Published online by Cambridge University Press: 19 December 2024
This paper arose from an invitation from the Cloud Institute for Sustainability Education in the USA to contribute to a special journal issue on sustainability competencies in sustainability education. Much valuable work has been done on this topic area in recent years. However, in this paper, rather than outline what I consider important competencies, I wanted to take a deeper dive and suggest a frame of reference that might help nurture a more participative consciousness essential for our times. This is (what I later named) the Triang model of “Seeing, Knowing and Doing”, which implies that three interrelated shifts are required to generate an ecological paradigm. This framework – touched on elsewhere in this book – is elaborated in more detail here. Incidentally, it is somewhat reassuring to note that recognition of climate change has shifted – if still not sufficiently – since this piece was written. What follows is a slightly edited version of the original. Chapter 12 takes the discussion further with the theme of how to think ecologically.
At the time of writing, Britain is being subject to “the worst storms for 200 years”, an extraordinary battering with virtually endless rainfall, and widespread flooding and travel disruption, including the severing of the rail link to the South West where I live. It echoes extreme weather events in other parts of the world. Here, amidst the extensive news coverage of lakes and rivers (where there should be fields and roads) and of people flooded out their homes, there is only the most marginal acceptance by media and politicians that it “might be” related to climate change. Rather, there is a sense of shock and anger: how could this happen?

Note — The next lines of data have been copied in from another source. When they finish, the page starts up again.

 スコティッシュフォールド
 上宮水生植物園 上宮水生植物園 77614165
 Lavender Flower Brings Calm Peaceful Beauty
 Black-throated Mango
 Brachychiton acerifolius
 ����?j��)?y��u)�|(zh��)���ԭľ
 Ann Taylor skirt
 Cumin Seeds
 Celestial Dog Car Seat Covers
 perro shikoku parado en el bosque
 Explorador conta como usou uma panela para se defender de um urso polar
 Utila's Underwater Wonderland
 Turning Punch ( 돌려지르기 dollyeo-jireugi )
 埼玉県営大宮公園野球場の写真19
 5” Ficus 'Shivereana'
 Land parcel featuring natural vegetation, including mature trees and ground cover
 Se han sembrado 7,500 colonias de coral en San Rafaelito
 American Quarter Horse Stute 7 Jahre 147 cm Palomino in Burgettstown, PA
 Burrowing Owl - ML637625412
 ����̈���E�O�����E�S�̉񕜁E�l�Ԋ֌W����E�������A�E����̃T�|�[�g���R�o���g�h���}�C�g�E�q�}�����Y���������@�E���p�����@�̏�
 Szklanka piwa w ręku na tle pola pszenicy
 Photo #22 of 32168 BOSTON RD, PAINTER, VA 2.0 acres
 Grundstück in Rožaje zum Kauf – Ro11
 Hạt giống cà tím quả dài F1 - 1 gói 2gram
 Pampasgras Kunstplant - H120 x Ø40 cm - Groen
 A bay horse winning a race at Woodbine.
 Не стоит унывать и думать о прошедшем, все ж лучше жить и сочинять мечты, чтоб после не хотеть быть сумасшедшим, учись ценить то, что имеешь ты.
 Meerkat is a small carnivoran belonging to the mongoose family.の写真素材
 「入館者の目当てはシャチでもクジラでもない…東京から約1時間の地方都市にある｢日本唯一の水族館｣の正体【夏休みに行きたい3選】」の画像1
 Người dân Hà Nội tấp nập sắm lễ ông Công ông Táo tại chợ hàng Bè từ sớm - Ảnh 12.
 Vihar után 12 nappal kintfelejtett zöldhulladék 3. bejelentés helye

To many of us working long in the fields of environmental and sustainability education, there are no surprises here. The long-predicted signs of climate change have been evident for some years now – although the sudden onset, severity, and duration of the storms, which have been racing in from the Atlantic for nearly three months now, could not have been foreseen. However, the general reluctance in the country to acknowledge and accept that this weather pattern is in all probability a manifestation of climate change, is perhaps predictable.
However, it is clear to many that we are entering a different age, and a different world.